Transformações em curso – Rodrigo Vianna observou que a mulher ingressou tardiamente no mercado de trabalho, um dos motivos para que os homens ainda sejam a maioria nos cargos de alto escalão. “Mas constatamos que nos primeiros níveis já está acontecendo um processo de transformação: a base que está sendo formada é igualitária na proporção de homens e mulheres contratados”.
Para o sócio da Talenses, a expectativa é que em 10 anos a quantidade de homens e mulheres em posições de alta gestão será mais equilibrada. “É um processo. Os movimentos de equidade de gênero estão cada vez mais fortes e tendem a se tornar consenso”.
Vianna destacou que o objetivo da Aliança para Empoderamento da Mulher é apresentar práticas bem-sucedidas nesta área para as organizações. A meta é influenciar cada vez mais empresas de que as políticas de empoderamento feminino podem ser uma ferramenta de performance e produtividade fora da curva.

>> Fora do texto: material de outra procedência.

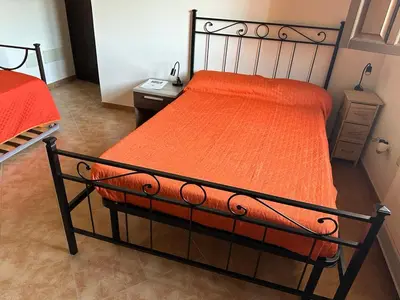 Letto o letti in una camera di Agriturismo La Fillirea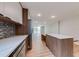View of the kitchen, with wood cabinets, stainless appliances, and center island with seating at 1100 S Orlando Ave # 301, Maitland, FL 32751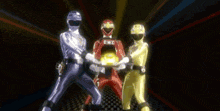 three power rangers are standing next to each other and one of them has the word e.n.k.c on his helmet
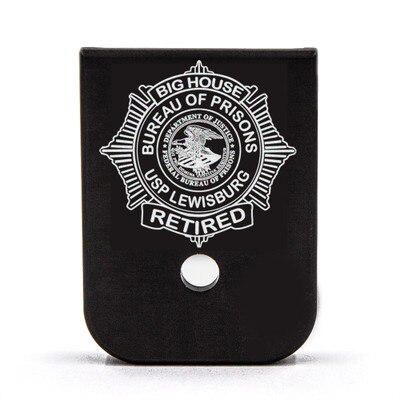 Bureau of Prisons badge design engraved on a magazine base plate
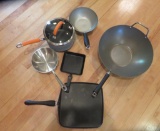 Six kettles and pans including Wok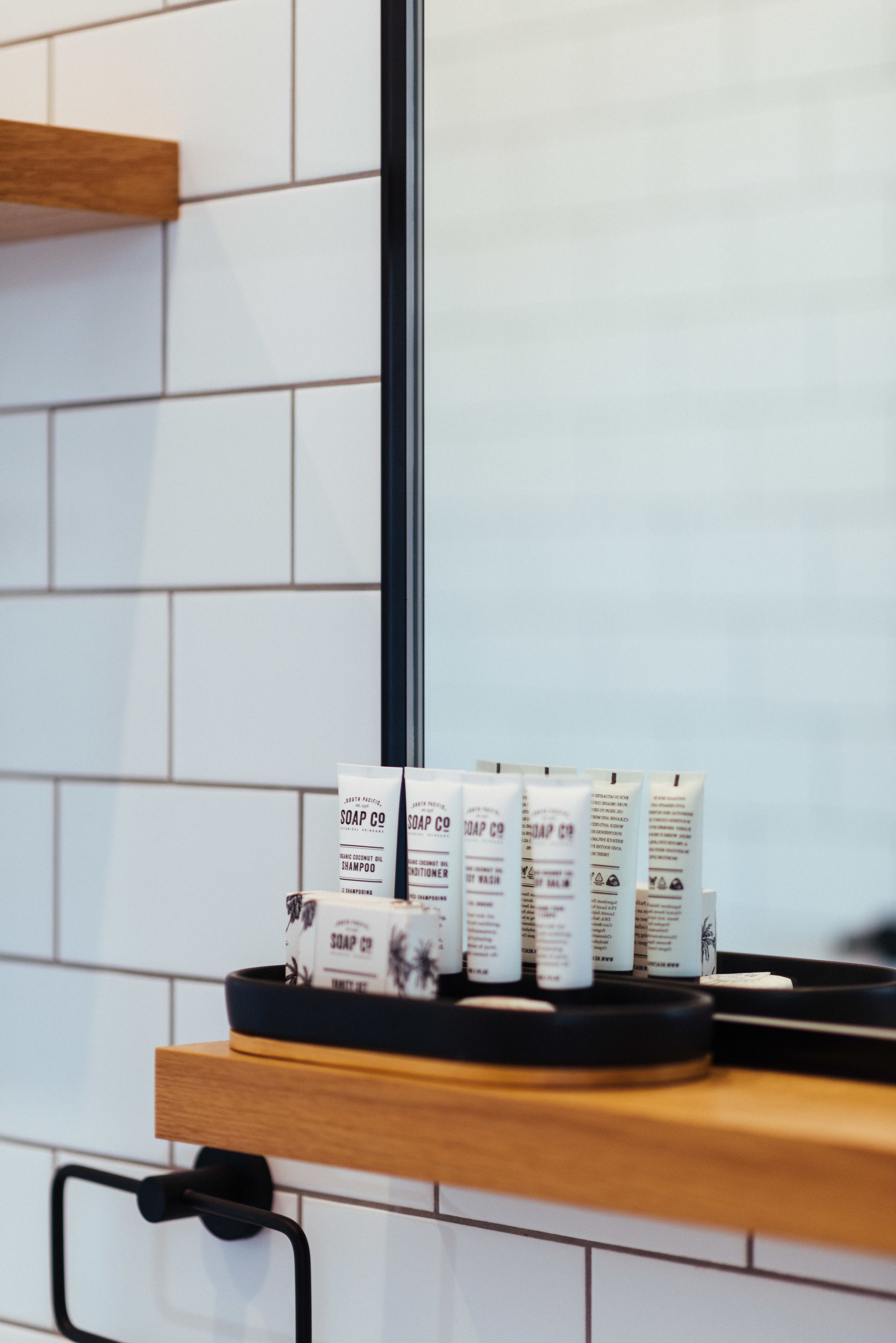 deluxe studio suite | bathroom amenities | shower, hair dryer, towels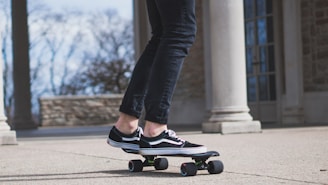 person riding on cruiser board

Alta performance x alto potencial – O sócio-fundador da Talenses citou que as mulheres normalmente fazem parte da maioria do grupo de alto potencial de colaboradores de uma empresa, mas não do grupo alta performance. E isso se dá as vezes pelo fato de não encontrarem apoio da organização para continuarem seu desenvolvimento em linha com as mudanças no campo pessoal.
Dentre os estudos que estão em andamento pela Aliança, está a pesquisa sobre desligamento de mulheres em organizações, realizado em parceria com a Fundação Getúlio Vargas. Para este estudo, o especialista já entrevistou cerca de 25 executivas.
Ele apresentou o resultado da primeira etapa da pesquisa, que consistiu em entrevistas com 15 mulheres que ocuparam cargos de alta gestão em grandes empresas, realizadas quatro ou cinco anos após a data de seu desligamento.
Os principais motivos para a saída da empresa, segundo as entrevistadas, foram o conflito com: vida pessoal (9), crescimento profissional (3), qualidade de vida (2) e remuneração (1).
Para mais da metade das respondentes (8), o fato de ser uma mulher em um cargo de alto escalão teve alguma ligação com seu pedido de demissão.
Questionadas se a empresa em que trabalharam tinha ou apoiava políticas de empoderamento feminino, 10 responderam que sim, a organização tinha essa bandeira, mas não havia incentivo real. “Ou seja, faltava o walk the talk, a empresa realizar ações efetivas, em linha com o seu discurso de empoderamento”, observou Vianna.
Com relação às práticas recomendadas para as empresas que desejam começar a trilhar esse caminho, o sócio da Talenses destacou a importância de começar a ouvir.
“É importante que as altas lideranças, em especial o CEO, tenham interesse e abram suas agendas para escutar as pessoas. Sugestões de práticas temos inúmeras, mas vemos que o interesse genuíno do presidente é o que fez a diferença para o sucesso dessas políticas”, concluiu Rodrigo Vianna.
Durante o debate, a associada Cida Hess citou também alguns exemplos de políticas sugeridas pela KPMG Network of Woman (KNOW) para o empoderamento: implantar um comitê de diversidade, colocar em prática os seis meses de licença maternidade, e promover reuniões mensais para discussão do tema, com o patrocínio da alta administração da empresa.